Symmetries, conservation laws, and cohomology of Maxwell's equations using potentials

TL;DR

This paper derives new nonlocal symmetries and conservation laws for Maxwell's equations using a covariant joint potential system, highlighting invariance under duality and revealing geometric symmetries related to Killing-Yano tensors.

Contribution

It introduces a classification of all geometric symmetries of the joint potential system in Lorentz gauge, uncovering new nonlocal symmetries and conservation laws based on cohomology and geometric structures.

Findings

New nonlocal symmetries invariant under duality transformation.

Construction of nonlocal conservation laws from geometric symmetries.

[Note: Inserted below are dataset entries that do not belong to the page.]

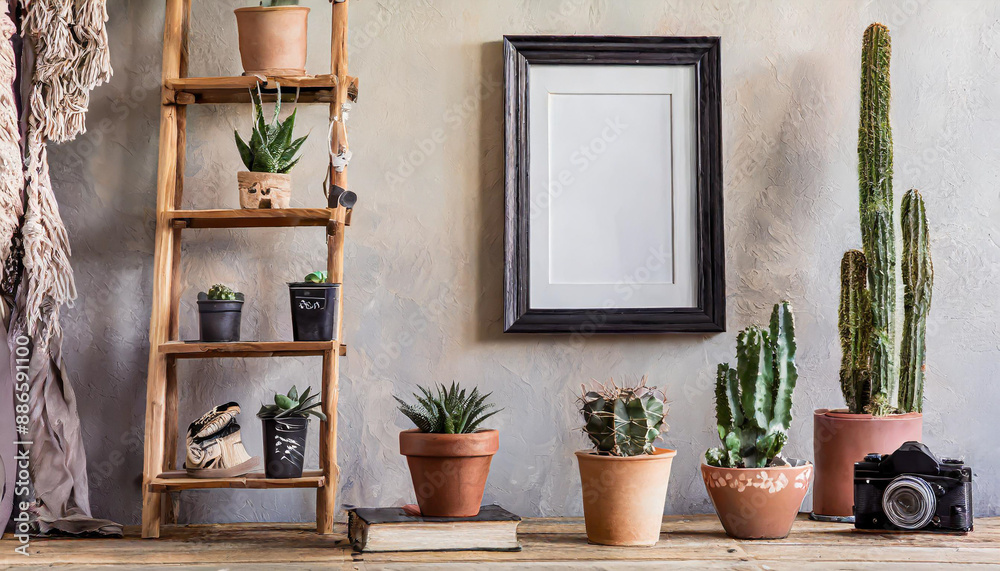 Interior design of living room with black poster mock up frame, shelf, cacti, plant, books, photo camera, wooden ladder and elegant personal accessoreis. Grunge wall. Stylis Interior design of living room with black poster mock up frame, shelf, cacti, plant, books, photo camera, wooden ladder and elegant personal accessoreis. Grunge wall. Stylis
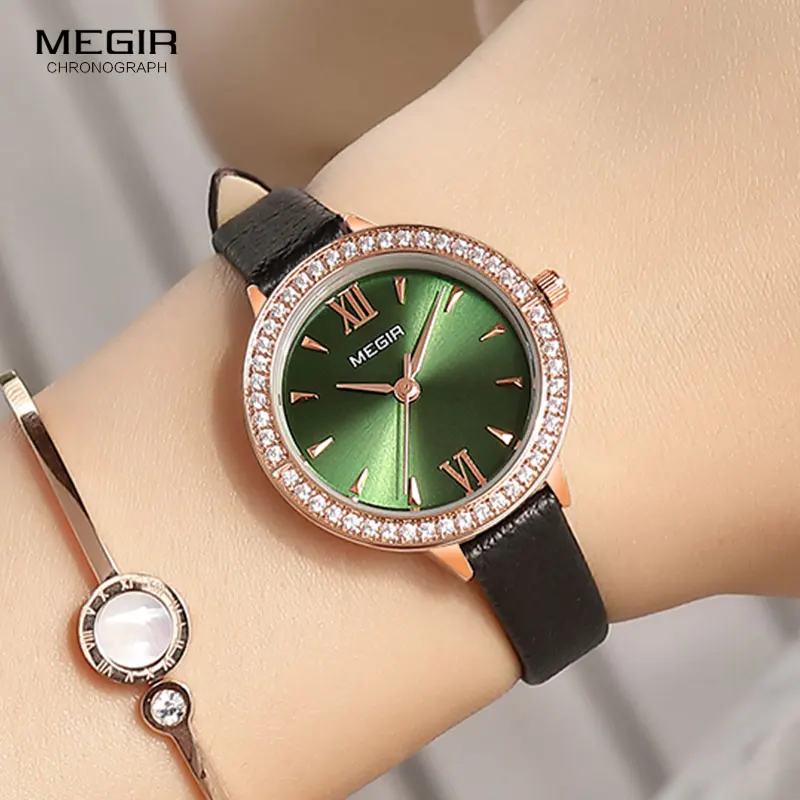 

MEGIR Green Watch Women Luxury Simple Quartz Watches Lady Genuine Leather Bracelet Wristwatch Female Clock Relogio Feminino 4210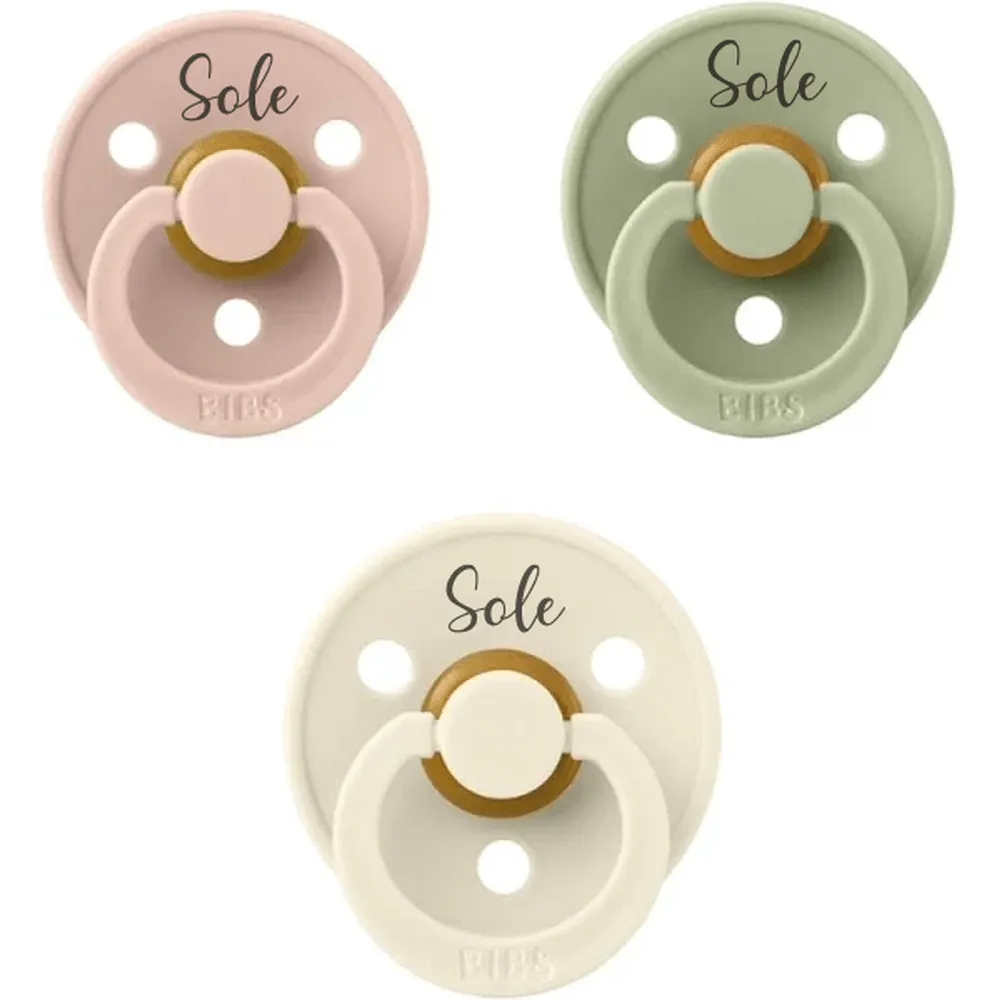 BIBS Colour Set of 3 Natural Rubber Latex Pacifiers | Personalisable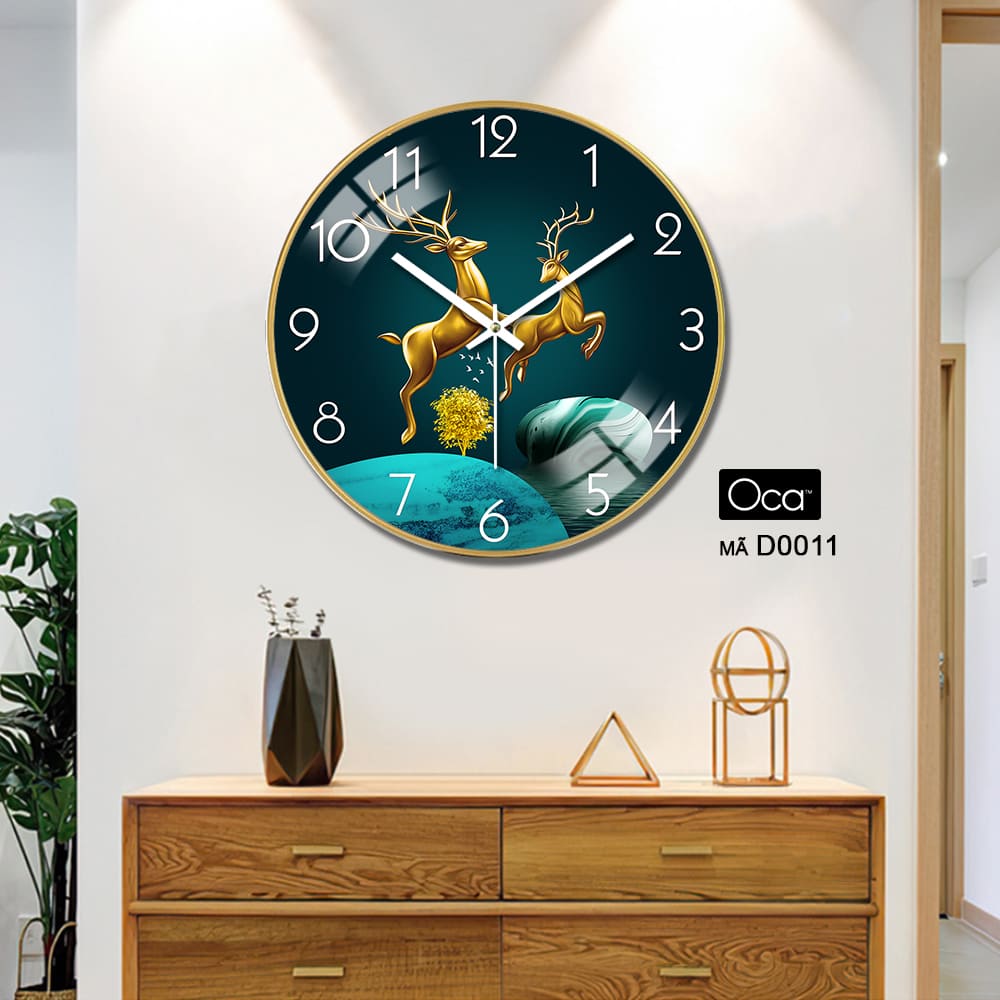 Đồng hồ đôi hươu vượng tài | Tráng gương | Mã D0011 | OCa - Ảnh 3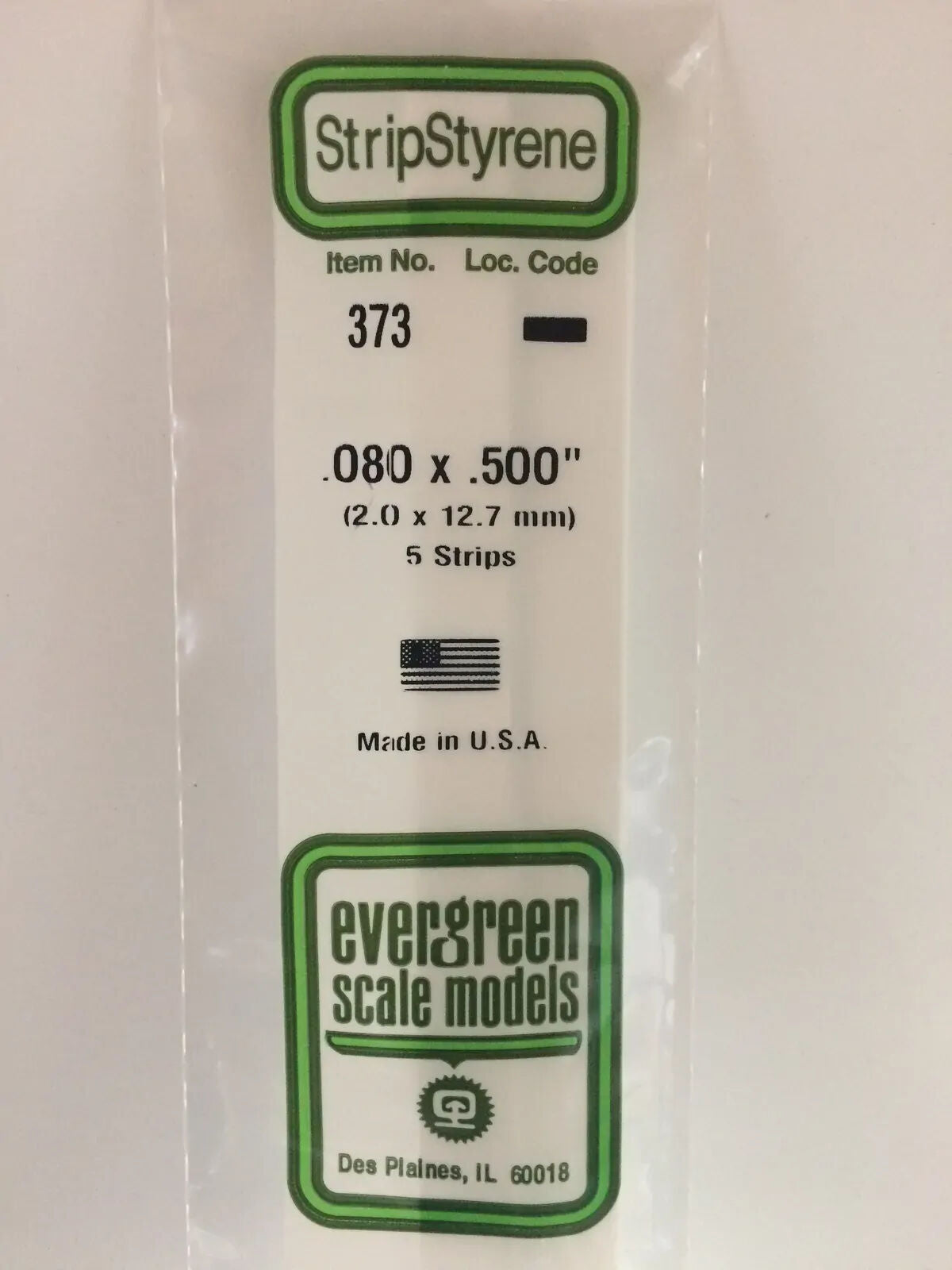 Evergreen White Polystyrene Strip 0.080 x 0.500 x 24" / 2mm x 12.7mm x 61cm (5)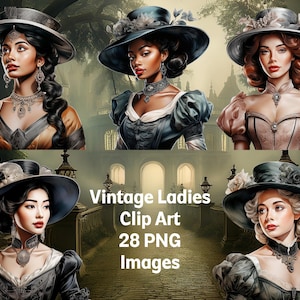 Clipart dames vintage | Thé numérique pour femmes de l'époque victorienne | Lot de cliparts dame | faire-part de thé | Images pour travaux manuels | Carnet de notes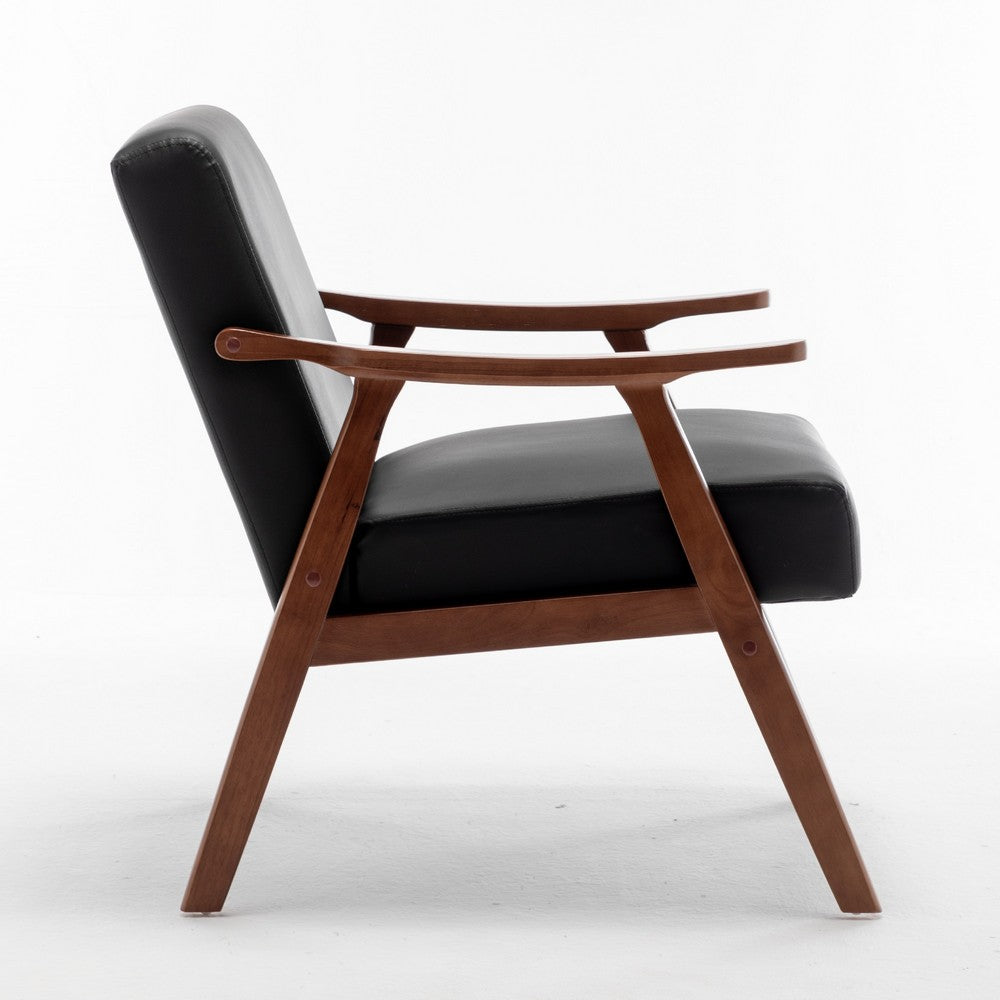 Ryno Mid-Century Accent Chair, Natural Wood Frame, Black Faux Leather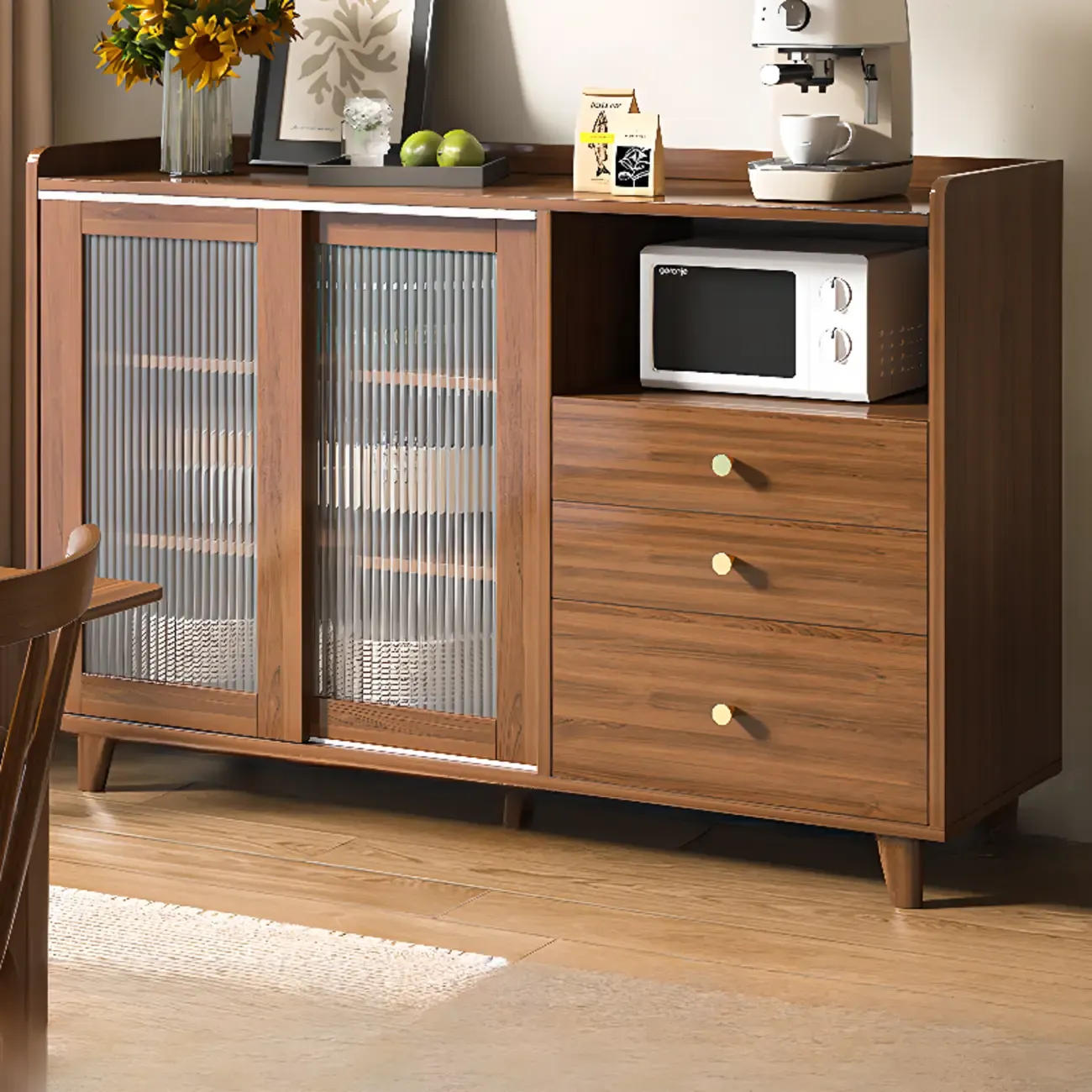 Modern Wood Buffet with Sliding Doors and Drawers Image - 5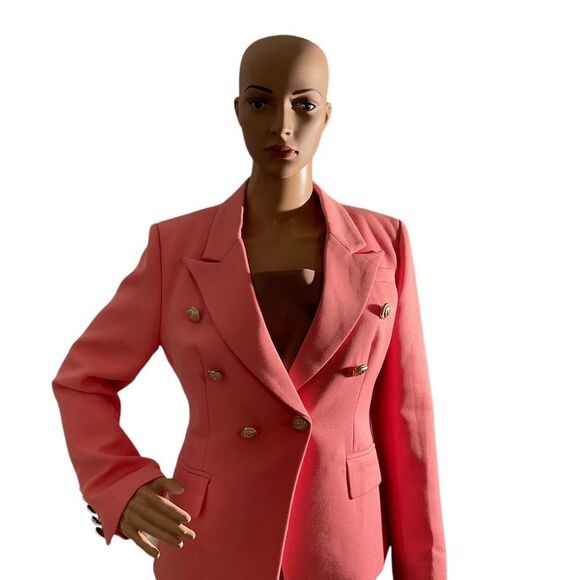 Pineapple Women’s Double Breasted pink Blazer With Gold Buttons Jacket Size M - Picture 2 of 14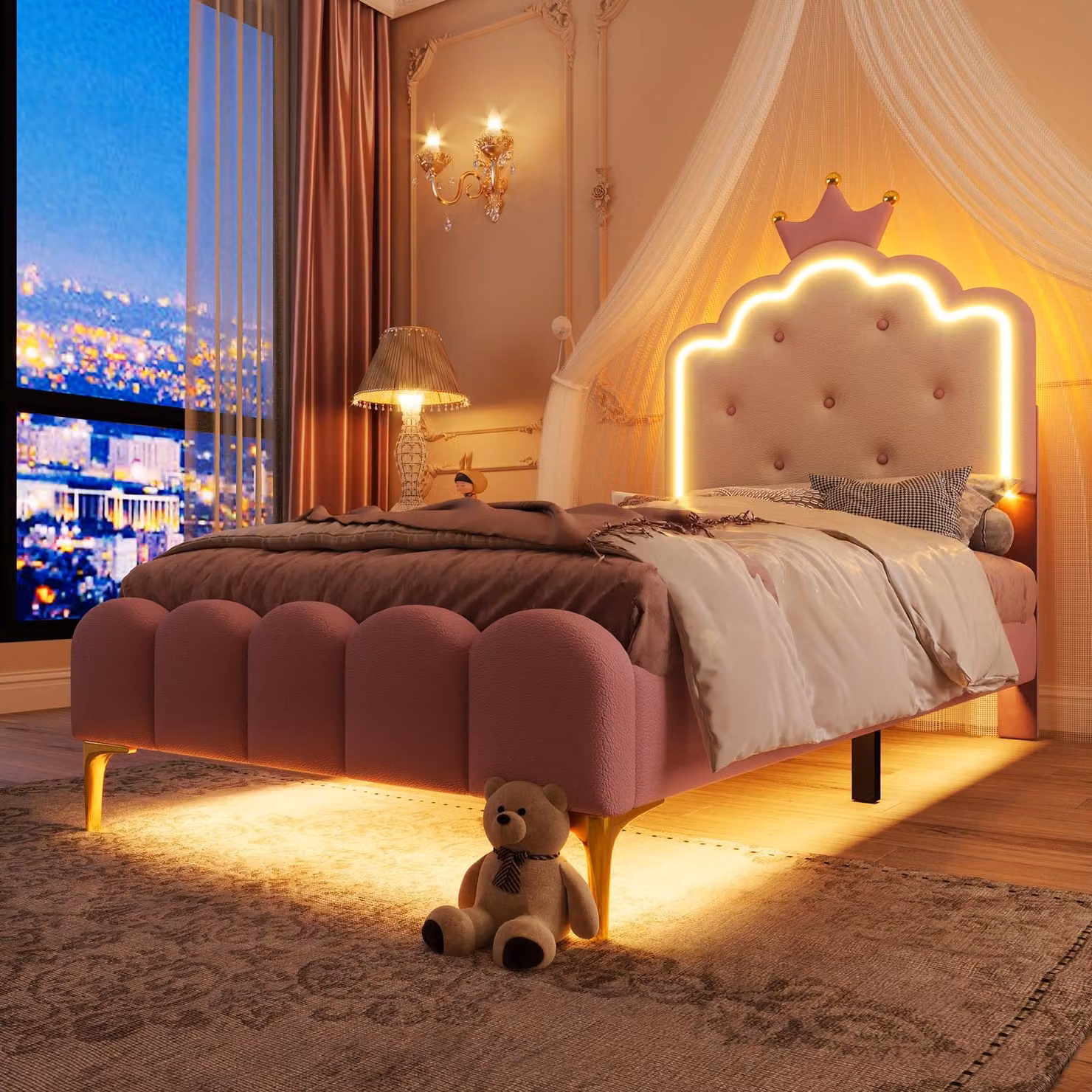 Letto imbottito Merax 90x200 cm, con LED, letto per bambini con design a , letto da principessa con gambe in metallo, rete a doghe, letto per ragazzi, letto piatto, PU, rosa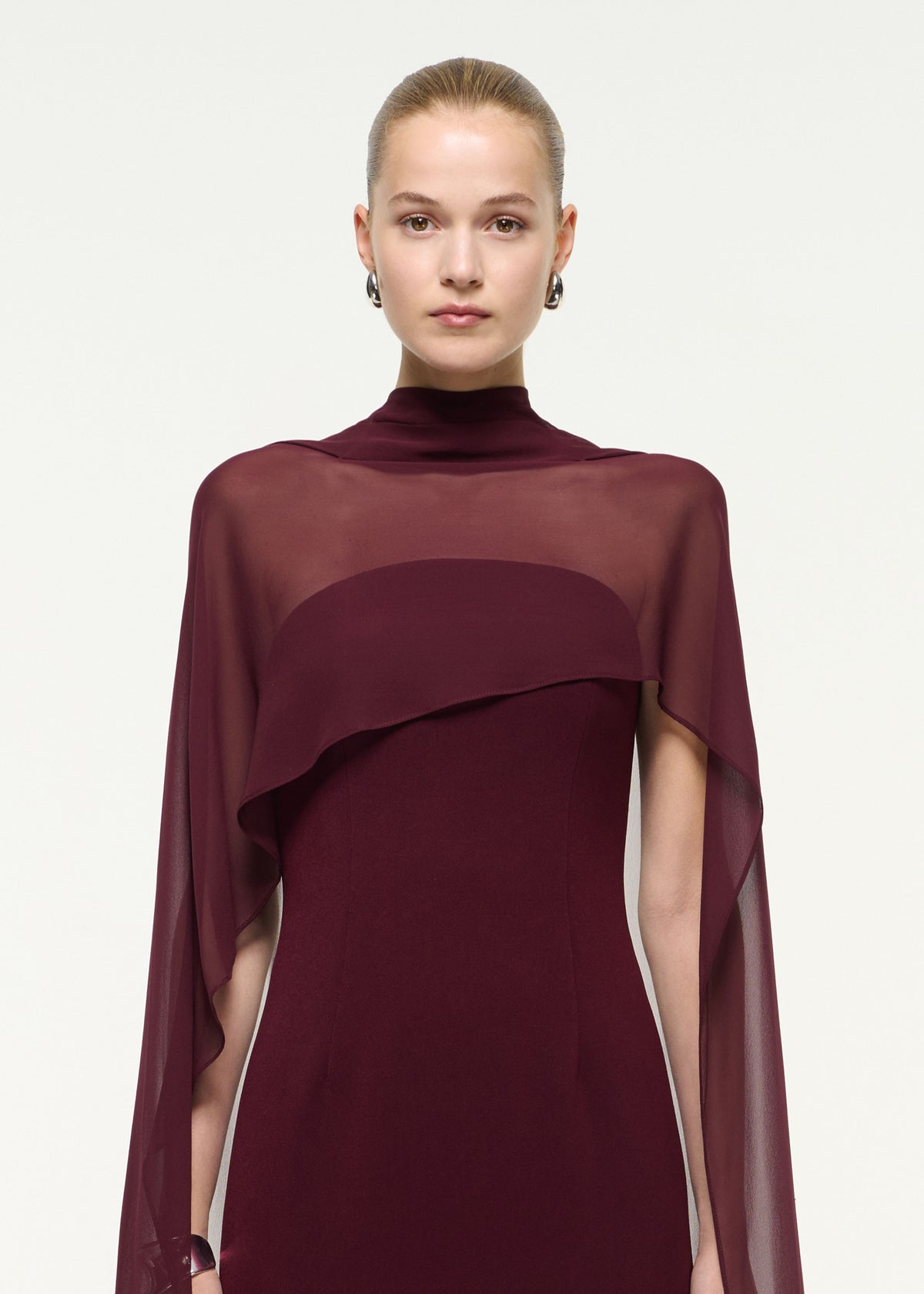Crepe Gown With Chiffon Cape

Cohomology analysis showing electromagnetic field forms as the only nontrivial classes.

Abstract

New nonlocal symmetries and conservation laws are derived for Maxwell's equations using a covariant system of joint vector potentials for the electromagnetic tensor field and its dual. A key property of this system, as well as of this class of new symmetries and conservation laws, is their invariance under the duality transformation that exchanges the electromagnetic field with its dual. The nonlocal symmetries of Maxwell's equations come from an explicit classification of all symmetries of a certain geometric form admitted by the joint potential system in Lorentz gauge. In addition to scaling and duality-rotation symmetries, and the well-known Poincare and dilation symmetries which involve homothetic Killing vectors, the classification yields new geometric symmetries involving Killing-Yano tensors related to rotations/boosts and inversions. The nonlocal conservation laws of Maxwell's equations are constructed from these geometric symmetries by applying a formula that uses the joint potentials and directly generates conserved currents from any (local or nonlocal) symmetries of Maxwell's equations. This formula is shown to arise through a series of mappings that relate, respectively, symmetries/adjoint-symmetries of the joint potential system and adjoint-symmetries/symmetries of Maxwell's equations. The mappings are derived as by-products of the study of cohomology of closed 1-forms and 2-forms locally constructed from the electromagnetic field and its derivatives to some finite order for all solutions of Maxwell's equations. The only nontrivial cohomology is shown to consist of the electromagnetic field (2-form) itself as well as its dual (2-form), and this 2-form cohomology is killed by the introduction of corresponding potentials.